1. Severity of the issue: (select one)
[O] None: I’m just curious or want clarification.

2. Environment:

  • Ray version: latest
  • Python version: 3.10
  • OS: ubuntu

Hello. Regarding MultiAgentEnv, how is the reward used if it was not given in the same step as the observation?

In the rllib multi agent env document, it says:

Note that the rule of observation dicts determining the exact order of agent moves doesn’t equally apply to either reward dicts nor termination/truncation dicts

And in the example for tic-tac-toe:

# Final reward is +5 for victory and -5 for a loss.
rewards[self.current_player] += 5.0
rewards[opponent] = -5.0

The reward for the opponent is given, eventhough it did not act this step.

So how is this reward applied to the training data? Can I give multiple rewards after a single observation? How are they aggregated? These stuff is not clear in the document.

You don’t have to line rewards up with the exact step an agent acts. RLlib keeps a small reward inbox (one per agent). Any reward you send (even if that agent didn’t move this turn), goes into its inbox. When the agent act again (or when the episode ends), RLlib empties the inbox, adds up everything that’s in there, and writes that total into the training batch for that agent.

So tl;dr, yes, you can give a reward to an agent on a step where it had no observation.

I think they might mention it a bit further down in the doc you linked: Multi-Agent Environments — Ray 2.46.0

so what I think is happening in the Tic-Tac-Toe example: when player A wins, you send +5 to A and -5 to B immediately; B’s reward sits in its inbox until B’s next turn (which, in a finished game, is the final step). Let me know if that made sense :slight_smile:

Hello. Thank you for your time!

Yes your explanation made sense to me! But I have additional questions:

  1. Can multiple rewards be given for a single observation?
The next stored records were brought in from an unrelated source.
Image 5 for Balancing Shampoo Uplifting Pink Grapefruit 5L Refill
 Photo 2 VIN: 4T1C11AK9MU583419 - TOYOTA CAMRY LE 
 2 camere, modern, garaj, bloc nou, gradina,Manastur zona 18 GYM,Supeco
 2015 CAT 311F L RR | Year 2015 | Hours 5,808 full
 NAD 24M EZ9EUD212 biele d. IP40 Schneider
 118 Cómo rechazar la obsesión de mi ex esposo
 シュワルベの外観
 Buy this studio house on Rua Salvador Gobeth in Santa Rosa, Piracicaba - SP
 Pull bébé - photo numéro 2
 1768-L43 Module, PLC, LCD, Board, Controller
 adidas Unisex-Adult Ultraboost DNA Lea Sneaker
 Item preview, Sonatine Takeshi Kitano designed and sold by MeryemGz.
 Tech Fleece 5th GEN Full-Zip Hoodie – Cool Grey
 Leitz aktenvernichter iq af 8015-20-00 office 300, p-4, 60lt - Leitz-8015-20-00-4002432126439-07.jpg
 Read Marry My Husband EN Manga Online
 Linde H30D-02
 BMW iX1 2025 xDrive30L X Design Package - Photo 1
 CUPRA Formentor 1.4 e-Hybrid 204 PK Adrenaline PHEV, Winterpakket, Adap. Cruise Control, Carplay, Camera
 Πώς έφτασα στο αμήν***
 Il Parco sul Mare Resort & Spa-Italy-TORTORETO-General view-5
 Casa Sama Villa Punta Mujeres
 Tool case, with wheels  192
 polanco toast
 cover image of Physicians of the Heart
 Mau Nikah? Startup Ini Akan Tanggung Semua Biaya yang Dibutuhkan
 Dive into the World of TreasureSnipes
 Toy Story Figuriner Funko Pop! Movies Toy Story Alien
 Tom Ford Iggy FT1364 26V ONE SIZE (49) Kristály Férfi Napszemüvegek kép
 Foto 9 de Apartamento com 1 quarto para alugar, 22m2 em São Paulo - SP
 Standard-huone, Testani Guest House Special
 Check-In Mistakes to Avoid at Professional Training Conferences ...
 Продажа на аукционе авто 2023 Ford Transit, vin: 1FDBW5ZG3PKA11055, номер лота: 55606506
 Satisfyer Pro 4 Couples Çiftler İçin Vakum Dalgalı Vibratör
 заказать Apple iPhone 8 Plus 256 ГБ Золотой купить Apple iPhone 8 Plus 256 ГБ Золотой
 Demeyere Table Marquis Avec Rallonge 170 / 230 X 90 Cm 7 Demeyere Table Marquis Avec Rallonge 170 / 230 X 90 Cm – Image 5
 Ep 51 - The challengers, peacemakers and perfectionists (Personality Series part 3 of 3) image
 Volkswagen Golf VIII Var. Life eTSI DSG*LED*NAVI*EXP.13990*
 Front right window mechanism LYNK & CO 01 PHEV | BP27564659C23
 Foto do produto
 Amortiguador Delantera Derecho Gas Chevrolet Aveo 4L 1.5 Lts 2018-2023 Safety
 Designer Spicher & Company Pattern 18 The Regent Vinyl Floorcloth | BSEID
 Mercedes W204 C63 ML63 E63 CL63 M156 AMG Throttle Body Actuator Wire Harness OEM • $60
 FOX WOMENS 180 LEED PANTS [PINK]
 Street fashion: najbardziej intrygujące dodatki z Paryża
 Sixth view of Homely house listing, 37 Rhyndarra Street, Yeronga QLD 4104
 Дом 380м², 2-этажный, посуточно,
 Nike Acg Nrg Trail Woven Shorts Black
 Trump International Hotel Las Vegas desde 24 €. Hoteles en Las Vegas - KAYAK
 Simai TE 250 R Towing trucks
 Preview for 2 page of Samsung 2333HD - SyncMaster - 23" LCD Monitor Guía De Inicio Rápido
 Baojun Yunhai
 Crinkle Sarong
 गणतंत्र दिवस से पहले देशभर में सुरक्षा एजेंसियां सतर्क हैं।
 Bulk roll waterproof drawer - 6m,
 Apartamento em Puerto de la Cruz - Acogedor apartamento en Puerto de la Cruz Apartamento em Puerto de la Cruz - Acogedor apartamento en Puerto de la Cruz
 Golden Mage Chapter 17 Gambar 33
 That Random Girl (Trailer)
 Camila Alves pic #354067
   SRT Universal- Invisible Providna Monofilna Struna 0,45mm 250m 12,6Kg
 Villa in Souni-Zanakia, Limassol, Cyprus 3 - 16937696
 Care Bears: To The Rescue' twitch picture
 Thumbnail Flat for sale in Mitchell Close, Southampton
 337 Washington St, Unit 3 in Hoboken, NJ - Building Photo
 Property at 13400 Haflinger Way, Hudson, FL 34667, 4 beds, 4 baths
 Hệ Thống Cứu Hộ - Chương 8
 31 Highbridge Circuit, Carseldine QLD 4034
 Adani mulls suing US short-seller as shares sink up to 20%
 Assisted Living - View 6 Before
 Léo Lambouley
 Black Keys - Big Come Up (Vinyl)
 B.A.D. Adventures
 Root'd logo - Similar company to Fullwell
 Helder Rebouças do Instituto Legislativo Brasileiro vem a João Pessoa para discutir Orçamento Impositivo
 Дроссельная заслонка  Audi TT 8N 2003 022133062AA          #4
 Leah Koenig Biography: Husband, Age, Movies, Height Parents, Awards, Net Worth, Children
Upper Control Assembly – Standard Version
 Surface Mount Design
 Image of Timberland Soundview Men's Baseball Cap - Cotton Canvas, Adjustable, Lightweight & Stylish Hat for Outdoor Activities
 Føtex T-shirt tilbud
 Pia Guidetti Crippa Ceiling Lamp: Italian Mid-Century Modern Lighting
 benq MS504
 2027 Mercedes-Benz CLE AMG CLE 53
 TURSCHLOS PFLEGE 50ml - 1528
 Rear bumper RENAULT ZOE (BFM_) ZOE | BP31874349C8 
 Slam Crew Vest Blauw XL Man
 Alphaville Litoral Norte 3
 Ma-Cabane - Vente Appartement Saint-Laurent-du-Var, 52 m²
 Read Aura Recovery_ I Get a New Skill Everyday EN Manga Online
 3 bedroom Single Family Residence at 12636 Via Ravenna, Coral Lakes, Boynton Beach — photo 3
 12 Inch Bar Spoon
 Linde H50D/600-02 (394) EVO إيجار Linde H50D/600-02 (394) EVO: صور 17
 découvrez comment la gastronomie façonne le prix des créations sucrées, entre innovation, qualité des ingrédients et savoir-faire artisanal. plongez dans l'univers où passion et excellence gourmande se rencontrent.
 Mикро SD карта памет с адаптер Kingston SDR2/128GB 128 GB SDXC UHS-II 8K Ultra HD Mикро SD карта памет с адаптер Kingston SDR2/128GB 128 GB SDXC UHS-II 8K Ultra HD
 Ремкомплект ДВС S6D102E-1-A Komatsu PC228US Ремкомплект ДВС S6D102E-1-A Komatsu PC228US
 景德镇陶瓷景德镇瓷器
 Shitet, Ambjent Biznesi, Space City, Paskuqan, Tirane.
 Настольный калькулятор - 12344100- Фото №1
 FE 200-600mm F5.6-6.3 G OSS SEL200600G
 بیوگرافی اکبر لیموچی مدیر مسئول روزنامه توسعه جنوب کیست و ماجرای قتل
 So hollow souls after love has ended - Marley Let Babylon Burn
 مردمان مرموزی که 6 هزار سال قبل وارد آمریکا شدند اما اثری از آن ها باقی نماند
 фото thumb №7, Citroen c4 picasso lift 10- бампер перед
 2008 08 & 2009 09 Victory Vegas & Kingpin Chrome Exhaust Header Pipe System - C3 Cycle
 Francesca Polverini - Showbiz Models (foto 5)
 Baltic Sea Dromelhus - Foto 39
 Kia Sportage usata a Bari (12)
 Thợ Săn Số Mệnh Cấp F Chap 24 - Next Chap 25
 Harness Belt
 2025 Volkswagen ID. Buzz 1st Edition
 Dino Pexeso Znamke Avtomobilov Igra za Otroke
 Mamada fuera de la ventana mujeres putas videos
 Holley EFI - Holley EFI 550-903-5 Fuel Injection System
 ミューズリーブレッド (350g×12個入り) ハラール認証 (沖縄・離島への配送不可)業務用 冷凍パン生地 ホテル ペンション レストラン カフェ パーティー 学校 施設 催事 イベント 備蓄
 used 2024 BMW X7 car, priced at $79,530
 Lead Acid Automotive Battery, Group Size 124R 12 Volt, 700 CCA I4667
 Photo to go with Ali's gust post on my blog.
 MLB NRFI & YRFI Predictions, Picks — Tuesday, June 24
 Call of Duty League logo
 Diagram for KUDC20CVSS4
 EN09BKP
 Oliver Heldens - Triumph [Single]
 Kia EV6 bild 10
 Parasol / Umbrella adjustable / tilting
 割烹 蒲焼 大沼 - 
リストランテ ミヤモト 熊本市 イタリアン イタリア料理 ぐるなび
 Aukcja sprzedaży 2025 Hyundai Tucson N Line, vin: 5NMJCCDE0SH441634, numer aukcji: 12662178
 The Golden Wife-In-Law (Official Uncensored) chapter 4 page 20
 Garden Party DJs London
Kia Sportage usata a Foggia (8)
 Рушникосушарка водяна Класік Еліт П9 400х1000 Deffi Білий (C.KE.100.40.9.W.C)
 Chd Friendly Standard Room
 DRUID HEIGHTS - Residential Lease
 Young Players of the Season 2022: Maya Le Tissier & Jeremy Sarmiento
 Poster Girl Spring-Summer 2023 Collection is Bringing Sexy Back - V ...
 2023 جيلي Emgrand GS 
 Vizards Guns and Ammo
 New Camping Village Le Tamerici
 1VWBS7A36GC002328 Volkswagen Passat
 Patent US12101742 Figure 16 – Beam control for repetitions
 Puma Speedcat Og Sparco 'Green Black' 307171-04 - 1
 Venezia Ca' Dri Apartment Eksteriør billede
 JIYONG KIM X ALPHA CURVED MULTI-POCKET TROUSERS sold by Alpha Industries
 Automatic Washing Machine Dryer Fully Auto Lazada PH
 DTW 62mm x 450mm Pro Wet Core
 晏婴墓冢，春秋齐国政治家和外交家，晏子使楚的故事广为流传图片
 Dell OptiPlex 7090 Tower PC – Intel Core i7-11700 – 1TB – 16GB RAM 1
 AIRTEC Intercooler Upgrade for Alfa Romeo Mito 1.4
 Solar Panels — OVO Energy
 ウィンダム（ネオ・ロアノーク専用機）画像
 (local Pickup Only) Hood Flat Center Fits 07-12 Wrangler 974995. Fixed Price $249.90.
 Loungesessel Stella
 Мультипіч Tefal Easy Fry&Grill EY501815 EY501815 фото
E.g. at t=0, observation is given, t=1 reward given, t=2 reward given. Is this possible? If so, how are the rewards matched to the observation?

A: So from your answer, these will be added and be matched with the observation at t=0. I got this.

  1. What will happen if two observations are given sequentially without any reward in between? e.g. t=0 → obs, t=1 → obs, and episode terminates.